Y la carita de la niña se ilumina.

«¡Chuches!».

«Sí, has comido chuches. ¿Te han gustado?».

Enérgicos asentimientos de cabeza.

«Pero no le diremos nada a mamá».

«No, nada a mamá».

Fin de la cinta. Fredrik se levantó y se sirvió un buen vaso de whisky antes de introducir el siguiente vídeo en la cámara, que estaba conectada al televisor. «Verano 2004» ponía en la carátula. En imagen apareció un primer plano de la mano de una niña.

«Parece el ojo de un pájaro, papá. ¿Ves cómo mi mano parece un pájaro?».

«Sí, cariño, lo veo. Pero ¿no ibas a bañarte? ¿No querías que te grabara cuando te tiraras al agua desde el embarcadero?».

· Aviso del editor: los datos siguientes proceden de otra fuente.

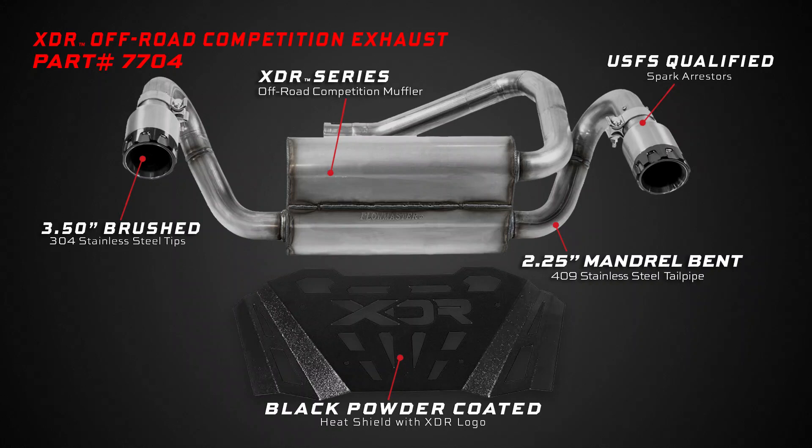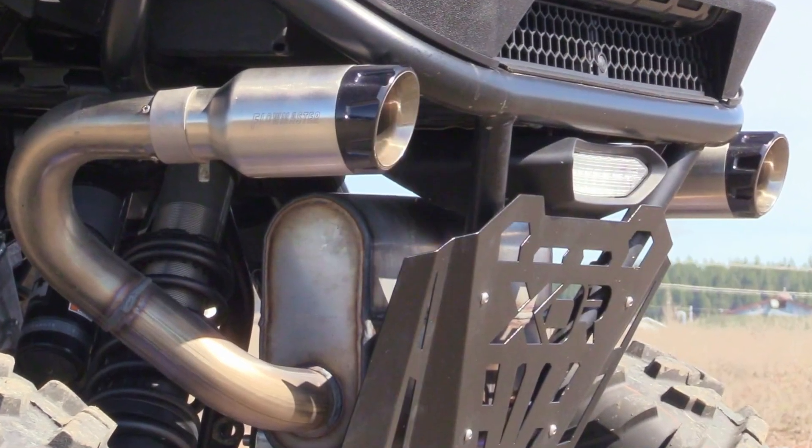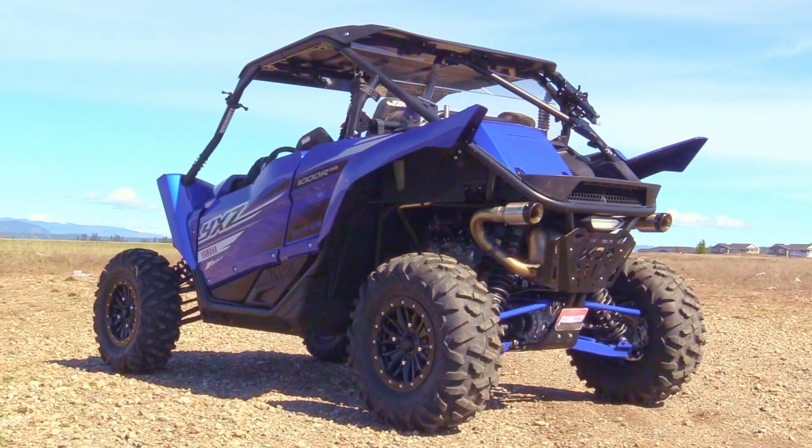This competition XDR system features all 409 stainless steel construction. It will generally provide a modern to aggressive sound level and it's a direct bolt-on without any modifications. If you're looking for an increase in power and a deep exhaust note, then this system is for you.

«Tengo frío. ¿Puedes calentarme?».

«Sí, ven».

La cámara graba la arena.

«Te quiero, papá».

Fredrik paró la cinta, la rebobinó y le dio al play. Lo repitió una y otra vez.

«Te quiero, papá».

—Vuelve a casa —susurró con las lágrimas resbalándole por las mejillas—. Vuelve a casa ya.